[[ Task data, beginning ]]
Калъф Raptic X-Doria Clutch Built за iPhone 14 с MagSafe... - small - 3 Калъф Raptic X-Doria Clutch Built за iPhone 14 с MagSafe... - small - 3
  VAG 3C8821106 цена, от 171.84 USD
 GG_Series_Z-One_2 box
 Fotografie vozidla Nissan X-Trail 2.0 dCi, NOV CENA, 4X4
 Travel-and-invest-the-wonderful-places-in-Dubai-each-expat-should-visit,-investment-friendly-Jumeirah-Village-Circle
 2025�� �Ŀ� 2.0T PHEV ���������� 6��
[[ Task data, end ]]
Description of the task: A verbatim copy of every entry is needed.

Response to this exercise:
Калъф Raptic X-Doria Clutch Built за iPhone 14 с MagSafe... - small - 3 Калъф Raptic X-Doria Clutch Built за iPhone 14 с MagSafe... - small - 3
  VAG 3C8821106 цена, от 171.84 USD
 GG_Series_Z-One_2 box
 Fotografie vozidla Nissan X-Trail 2.0 dCi, NOV CENA, 4X4
 Travel-and-invest-the-wonderful-places-in-Dubai-each-expat-should-visit,-investment-friendly-Jumeirah-Village-Circle
 2025�� �Ŀ� 2.0T PHEV ���������� 6��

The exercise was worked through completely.